---------- Data ----------
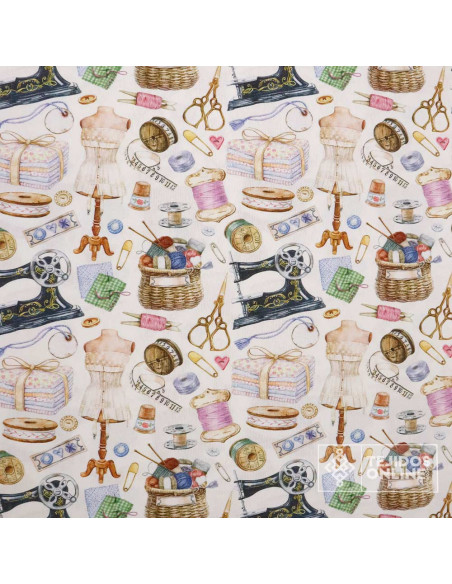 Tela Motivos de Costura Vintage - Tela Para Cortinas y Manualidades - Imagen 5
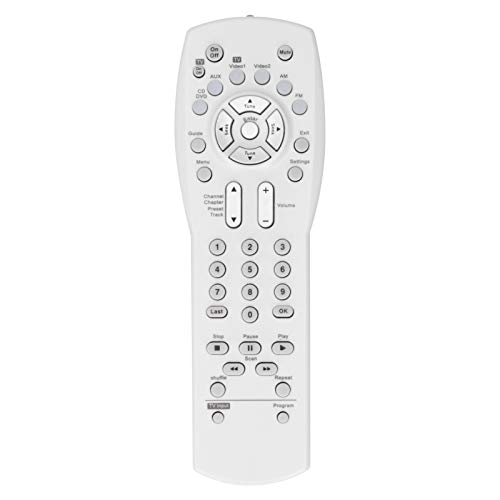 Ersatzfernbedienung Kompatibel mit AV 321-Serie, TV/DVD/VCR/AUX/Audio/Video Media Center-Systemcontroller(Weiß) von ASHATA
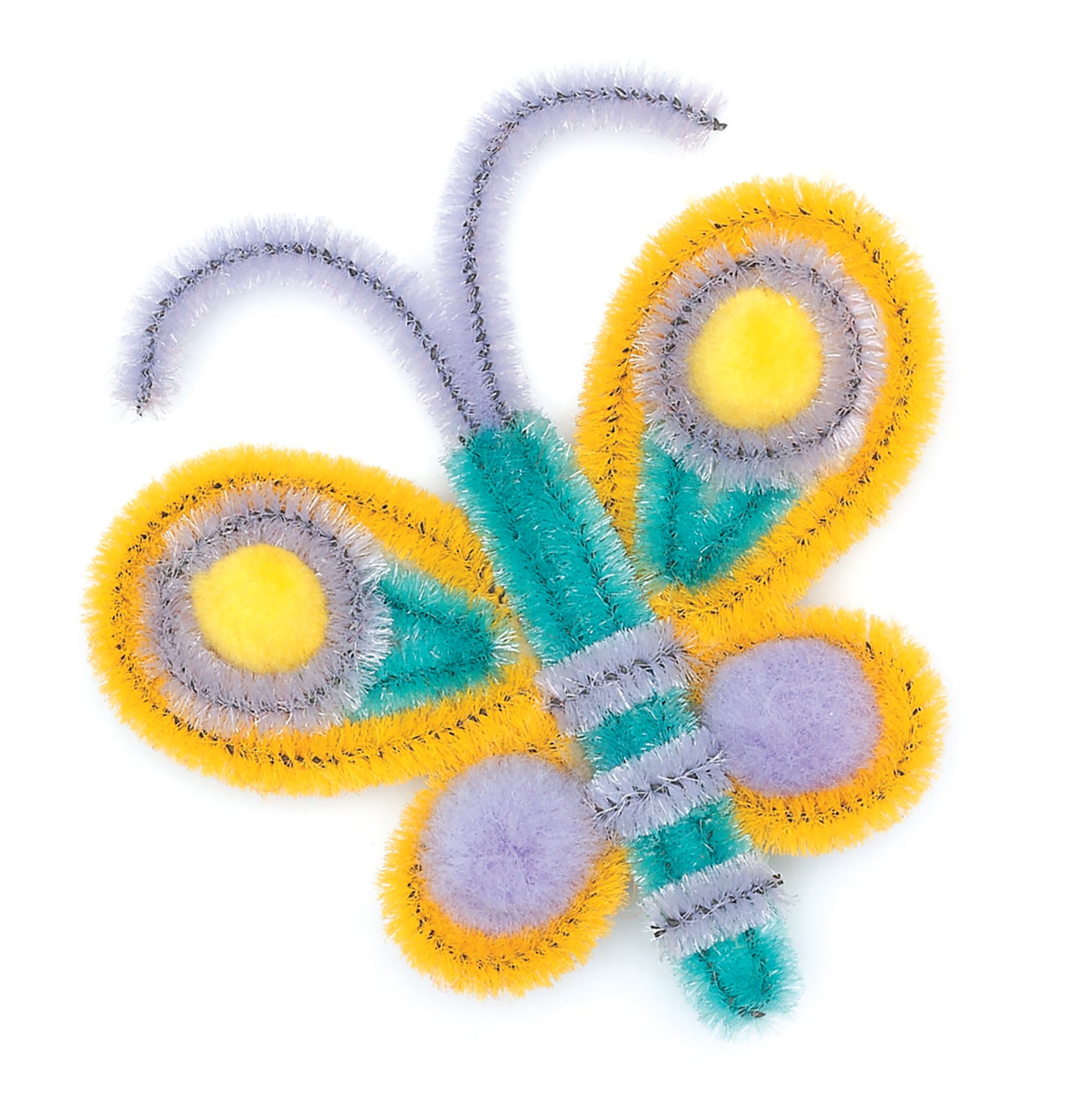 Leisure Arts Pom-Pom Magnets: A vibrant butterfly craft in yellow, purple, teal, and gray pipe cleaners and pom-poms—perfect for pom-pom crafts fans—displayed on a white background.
----------
---------- Data ----------
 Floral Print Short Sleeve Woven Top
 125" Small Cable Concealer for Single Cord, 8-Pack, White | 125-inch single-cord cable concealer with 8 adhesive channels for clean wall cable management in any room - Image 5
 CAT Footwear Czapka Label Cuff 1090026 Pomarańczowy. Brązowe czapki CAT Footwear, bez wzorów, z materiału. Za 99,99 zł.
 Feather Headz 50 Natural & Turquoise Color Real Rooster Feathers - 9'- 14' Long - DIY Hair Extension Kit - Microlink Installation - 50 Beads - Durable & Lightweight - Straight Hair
----------
▸ Exercise requirements
Up in the listing, locate the line with "Tela Motivos de"; print it and every line after it down to the line with "Leisure Arts Pom-Pom", which is included too. Skip the pictures.

▸ Your solution
 Tela Motivos de Costura Vintage - Tela Para Cortinas y Manualidades - Imagen 5
 Ersatzfernbedienung Kompatibel mit AV 321-Serie, TV/DVD/VCR/AUX/Audio/Video Media Center-Systemcontroller(Weiß) von ASHATA
 Leisure Arts Pom-Pom Magnets: A vibrant butterfly craft in yellow, purple, teal, and gray pipe cleaners and pom-poms—perfect for pom-pom crafts fans—displayed on a white background.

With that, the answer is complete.